An improved catalogue for whole-genome sequencing prediction of bedaquiline resistance in Mycobacterium tuberculosis using a reproducible algorithmic approach
Adlard D., Joseph L., Webster H., O'Reilly A., Knaggs J., Peto TEA., Crook DW., Omar SV., Fowler PW.
Bedaquiline (BDQ) has only been approved for use for just over a decade and is a key drug for treating multidrug-resistant tuberculosis; however, rising levels of resistance threaten to reduce its effectiveness. Catalogues of mutations associated with resistance to BDQ are key to detecting resistance genetically for either diagnosis or surveillance.

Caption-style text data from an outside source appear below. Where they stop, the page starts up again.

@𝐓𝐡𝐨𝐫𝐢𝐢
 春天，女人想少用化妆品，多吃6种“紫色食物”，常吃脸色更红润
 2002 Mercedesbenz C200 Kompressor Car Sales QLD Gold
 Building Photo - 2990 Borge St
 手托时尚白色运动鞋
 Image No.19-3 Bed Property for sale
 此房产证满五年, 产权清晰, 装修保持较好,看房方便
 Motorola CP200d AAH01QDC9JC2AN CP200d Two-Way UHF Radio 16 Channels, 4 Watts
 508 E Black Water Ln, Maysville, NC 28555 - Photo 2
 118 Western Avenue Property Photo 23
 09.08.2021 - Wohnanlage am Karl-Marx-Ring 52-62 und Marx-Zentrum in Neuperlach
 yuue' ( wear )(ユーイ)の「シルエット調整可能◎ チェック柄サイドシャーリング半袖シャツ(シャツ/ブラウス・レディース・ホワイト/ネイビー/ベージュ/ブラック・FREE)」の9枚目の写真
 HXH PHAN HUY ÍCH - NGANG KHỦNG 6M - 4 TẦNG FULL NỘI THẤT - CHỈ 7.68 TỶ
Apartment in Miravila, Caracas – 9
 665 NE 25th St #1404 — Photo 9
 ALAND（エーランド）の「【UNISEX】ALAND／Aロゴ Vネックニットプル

At present, building catalogues requires considerable expert knowledge, often requires the use of complex grading rules and is an irreproducible process. We developed an automated method, catomatic, that associates genetic variants with resistance (or susceptibility) using a two-tailed binomial test with a stated background rate and applied it to a dataset of 11,867 Mycobacterium tuberculosis samples with whole-genome and BDQ susceptibility testing data. Using this framework, we investigated how to best classify variants and the phenotypic significance of minor alleles. The genes mmpS5 and mmpL5 are not directly associated with BDQ resistance, and our catalogue of Rv0678, atpE and pepQ variants attains a cross-validated sensitivity and specificity of 79.4±1.8% and 98.5±0.3%, respectively, for 94±0.4% of samples. Identifying samples with subpopulations containing Rv0678 variants improves sensitivity, and detection thresholds in bioinformatic pipelines should therefore be lowered. By using a more permissive and deterministic algorithm trained on a sufficient number of resistant samples, we have reproducibly constructed a catalogue of BDQ resistance-associated variants that is comprehensive and accurate.